Our Plastic Brains

 By Martha S. Burns, Ph.D.

http://www.scilearn.com/blog/martha-burns-ph.d/

How does the brain learn? Why do some children find learning so challenging? What can educators do to help those children? These are questions that neuroscientists have been grappling with over the past 10 years. By and large, they are beginning to find answers.

Neuroscience is rapidly uncovering more and more about how the brain functions in the learning process. Neuroscientists like Stanislas Dehaene, for example, provide evidence that specific brain structures in the temporal lobe are required so that learning to read happens easily and effortlessly. We know too from neuroscience research that those brain structures--and the neural pathways that connect them to other language comprehension, memory, and verbal fluency regions of the brain--need to be adequately mature when children enter school for the student to learn to read. Research is helping us understand the reasons why that brain architecture may not be strong enough to support the learning process--for example, a home environment where there is not a great deal of oral language experience may have negative impact on brain architecture.

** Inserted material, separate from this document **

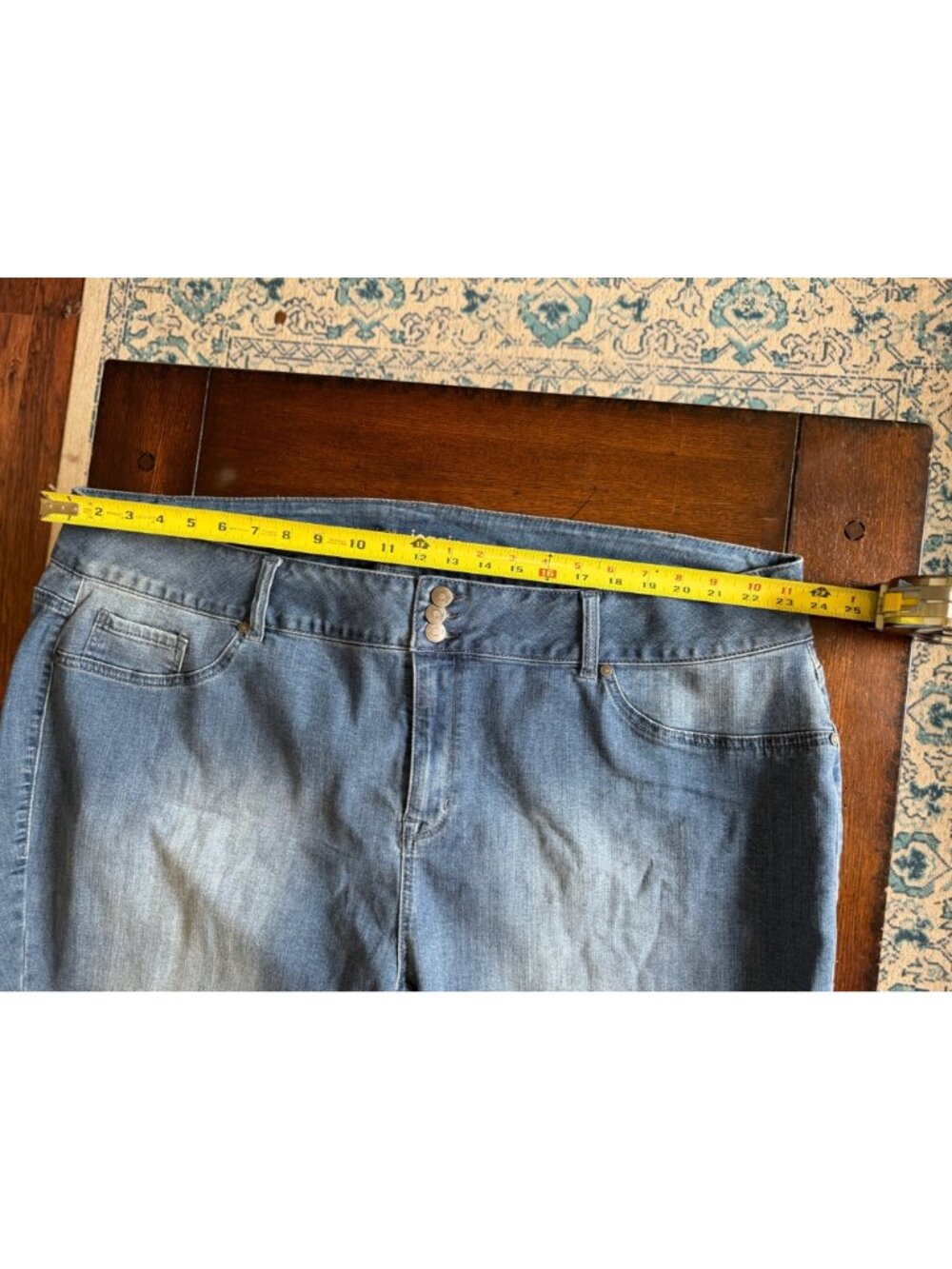 Avenue Denim Jeans High Rise Jegging Skinny Jeans Stretch Faded Faux Pockets 30 - Picture 6 of 7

These are all neuroscience findings that most educators are familiar with. What educators may not know, however, is that those undeveloped learning pathways are mutable. The brain's capacity to learn, it turns out, is not set by our genes or predetermined in any way--not even by early learning disadvantages.  

The human brain, in fact, is quite malleable--even into adulthood. Neuroscientists call this malleability "plasticity." Neural plasticity is what allows teachers to educate a classroom of children who range in background, environmental experiences, or learning behaviors. Adults experience this plasticity themselves when they study a new language or take up a musical instrument well into adulthood--their brains can get in shape for the task.

The exciting results of this decade of brain research are, first, that we have learned which brain structures are necessary to learn to read or to master other learning tasks. We also know more about how the learning process itself changes the brain. In addition, research has shown there are now neuroscientific methods available that can identify children, as young as 3 months, who may have weaknesses in these structures or the pathways that connect them.

Finally, and perhaps most exciting for educators, neuroscientists have developed technological interventions that have been shown to target and build these specific brain structures in struggling learners. Neuroscience has demonstrated that through brain-based learning practices, all children who have IQs within normal limits, even those diagnosed with severe learning disabilities like dyslexia, have the capacity to learn to read and successfully master all subject areas.